While such inequalities have remained relatively stable, differences between schools have become more important in predicting student performance. There is significant evidence of the particularly difficult situation for students from disadvantaged backgrounds who attend disadvantaged schools. Such students perform significantly worse than students from similar backgrounds who go to schools with a more socially mixed student body.

Similarly, students from immigrant backgrounds do have significantly lower reading scores – but this disadvantage is almost entirely for students from homes where English is not the everyday language. Such students score an average of 444 in reading, compared to 503 for students who speak English at home. Even though this is only a small part of Ireland’s overall pattern of decline, this is a group that is clearly vulnerable to further marginalisation in a time of severe unemployment.

Maintaining and extending socially mixed schools and supporting learning in the most disadvantaged schools will be crucial. Ireland has less concentration of immigrant children in specific schools than most OECD countries. Serious support for preschool education would be a wise investment as children who attended a pre-primary school tended to score higher in their reading.

What about within schools themselves? Across the OECD more students are saying that most of their teachers really listen to what they have to say, that if they need extra help from their teachers they will get it, and that most of their teachers treat them fairly. Ireland is one of the countries seeing such increases: 5.5 per cent, 4.3 per cent and 3.1 per cent respectively since 2000. In addition, Ireland is one of the leaders in the OECD in improving the disciplinary climate in schools. Some 11.2 per cent fewer students say students don’t listen to the teacher; 9.1 per cent fewer say there is noise and disorder, and 2.5 per cent fewer say students can’t work well. Teachers and students are connecting better than they did a decade ago. Nonetheless, reading and maths scores have still declined. Some of the most worrying trends in the report are outside schools. The percentage of students saying they read for enjoyment fell from 66.6 per cent to 58.1 per cent between 2000 and 2009 – and the greatest declines in reading for enjoyment were among girls from poorer backgrounds.

It will be important to take a closer look at these data to find out more about the sources of our declining standards in reading and maths. We need to recognise and face the problem squarely – the rise in immigrant children lets us off the hook but is only a tiny part of the story. It would be more useful to support immigrants’ education, especially where English is not the language at home, than to focus on them as the sources of our difficulties.

We have resources that we can build upon. For example, we can protect and extend the socially inclusive elements of our systems of schooling. A strong public system that promotes social mixing by class and immigrant background is crucial – and we have the building blocks in place. In the interim, we need to tackle pockets of disadvantage while working to integrate them into the broader educational system. We have good relations between teachers and students, built on fairness and responsiveness in the classroom. But we need to pay closer attention to a renewal of cultural and civic life beyond the school as these provide resources for students’ learning that are both crucial and under threat.

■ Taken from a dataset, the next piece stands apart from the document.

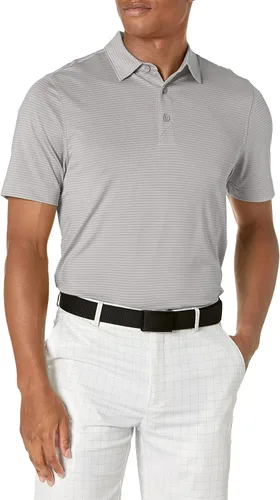 Vista 11 de Cutter & Buck Polo Drytec Forge a rayas de lápiz que absorbe la humedad para hombre Negro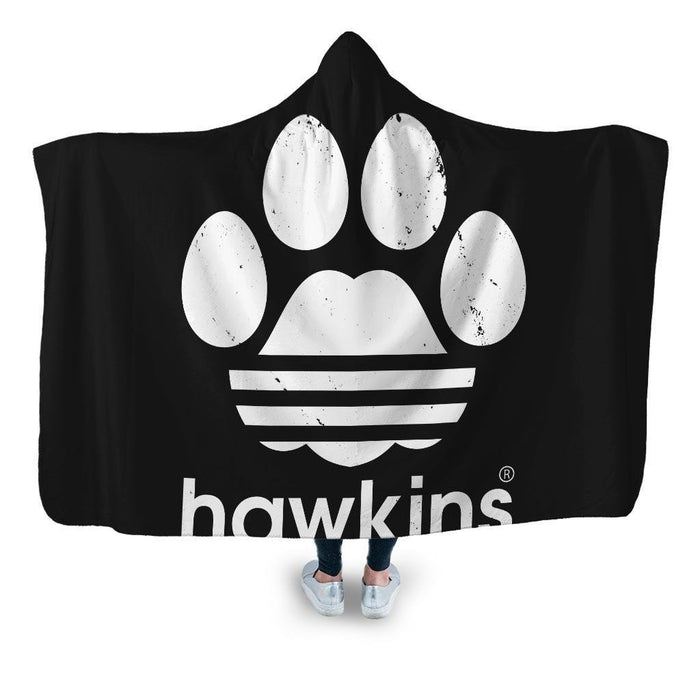 Hawkins Middle School Hooded Blanket - Adult / Premium Sherpa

Most importantly, we need to move our debates about education to a more fruitful ground. These reports suggest that we should focus on supporting children’s home lives and access to cultural resources, extending community and public educational institutions, tackling inequalities, and learning from the progress being made in schools already. There are larger questions as to the purpose of our educational system in a changing culture and economy. But we will never address these if we get lost in a debate that is led astray through fatalism, sloganeering, or red herrings such as the effect of immigrant children on our international rankings.